Ответить мне, понятное дело, никто не удосужился. Я пожала плечами и удалилась на заранее обустроенное место для ночлега, где тотчас же залезла под теплое одеяло, скинув только обувь, и глубоко задумалась. Говоря совсем откровенно – попыталась задуматься, поскольку моментально провалилась в сон. Слишком долгим и тяжелым выдался прошедший день, чтобы еще остались силы на какие-нибудь мысли.
Но по иронии судьбы выспаться в эту ночь мне явно было не суждено. Поскольку едва я погрузилась в приятную дрему, как надоевший сильнее беззубого слюнявого упыря поводок ощутимо обвил меня за талию.
– Что такое? – сонно прошептала я, не сразу поняв, что происходит.
Прислушалась, не открывая глаз. В лагере царили мертвая тишина и спокойствие, поэтому я широко зевнула, перевернулась на другой бок и вновь постаралась задремать.
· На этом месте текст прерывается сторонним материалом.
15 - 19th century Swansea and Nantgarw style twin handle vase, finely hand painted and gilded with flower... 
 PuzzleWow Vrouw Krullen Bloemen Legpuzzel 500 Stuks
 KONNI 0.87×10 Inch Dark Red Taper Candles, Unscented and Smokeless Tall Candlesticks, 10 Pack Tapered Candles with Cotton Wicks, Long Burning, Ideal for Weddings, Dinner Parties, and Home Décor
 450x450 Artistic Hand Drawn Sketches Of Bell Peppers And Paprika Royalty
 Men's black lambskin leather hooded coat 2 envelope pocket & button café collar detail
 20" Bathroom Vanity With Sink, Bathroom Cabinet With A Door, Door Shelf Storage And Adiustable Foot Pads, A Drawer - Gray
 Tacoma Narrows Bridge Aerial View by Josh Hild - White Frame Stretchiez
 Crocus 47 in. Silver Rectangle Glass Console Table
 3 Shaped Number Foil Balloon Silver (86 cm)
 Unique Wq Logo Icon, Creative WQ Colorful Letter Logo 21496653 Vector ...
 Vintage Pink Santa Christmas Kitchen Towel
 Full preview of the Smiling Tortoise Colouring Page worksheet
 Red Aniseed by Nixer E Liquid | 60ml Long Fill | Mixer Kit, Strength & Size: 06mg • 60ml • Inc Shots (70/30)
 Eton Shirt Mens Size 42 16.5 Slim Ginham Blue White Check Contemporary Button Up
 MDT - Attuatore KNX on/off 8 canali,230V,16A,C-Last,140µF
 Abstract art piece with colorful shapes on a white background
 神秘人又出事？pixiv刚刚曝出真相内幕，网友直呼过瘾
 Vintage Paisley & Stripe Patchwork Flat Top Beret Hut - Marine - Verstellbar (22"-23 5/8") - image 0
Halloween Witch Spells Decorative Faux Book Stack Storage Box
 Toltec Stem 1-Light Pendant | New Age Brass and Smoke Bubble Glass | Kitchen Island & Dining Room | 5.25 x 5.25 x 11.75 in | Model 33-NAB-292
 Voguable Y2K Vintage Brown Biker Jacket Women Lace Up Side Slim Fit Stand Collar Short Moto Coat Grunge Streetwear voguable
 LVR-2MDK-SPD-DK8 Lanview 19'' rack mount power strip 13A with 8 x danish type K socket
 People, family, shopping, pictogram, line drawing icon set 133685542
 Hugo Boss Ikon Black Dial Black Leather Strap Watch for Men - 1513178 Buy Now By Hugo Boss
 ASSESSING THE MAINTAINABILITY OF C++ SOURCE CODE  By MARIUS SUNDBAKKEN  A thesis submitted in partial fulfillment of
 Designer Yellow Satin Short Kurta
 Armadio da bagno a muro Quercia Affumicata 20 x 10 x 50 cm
Мало ли что может почудиться спросонья – вдруг сучковатый корень какой во сне задела, вот и показалось, будто меня кто-то намеренно разбудил.
Едва я так подумала, как поводок во второй раз со всей силы дернулся, показывая, что его хозяин и не думал шутить. Я приглушенно выдохнула и наконец-то соизволила открыть один глаз и оглядеться. Вокруг было тихо и темно. Утренняя заря даже не думала золотить восточный край небес. Костер окончательно догорел, и только крупные угольки поблескивали кровавым отблеском через толстый слой пепла. Замолкли и цикады, вечные спутники летних ночей. На мгновение показалось, будто лагерь вымер. Мало ли, вдруг за время моего недолгого сна на нас напало жуткое чудовище, которое безжалостно покромсало остальных на маленькие кусочки, оставив меня на сладкое. Я испуганно сжалась под одеялом. Впервые пожалела, что никого нет рядом. Храмовники предпочли выбрать место для ночлега подальше от меня. Как же теперь проверишь, остался ли кто-нибудь в живых или опасность лишь плод моей больной фантазии?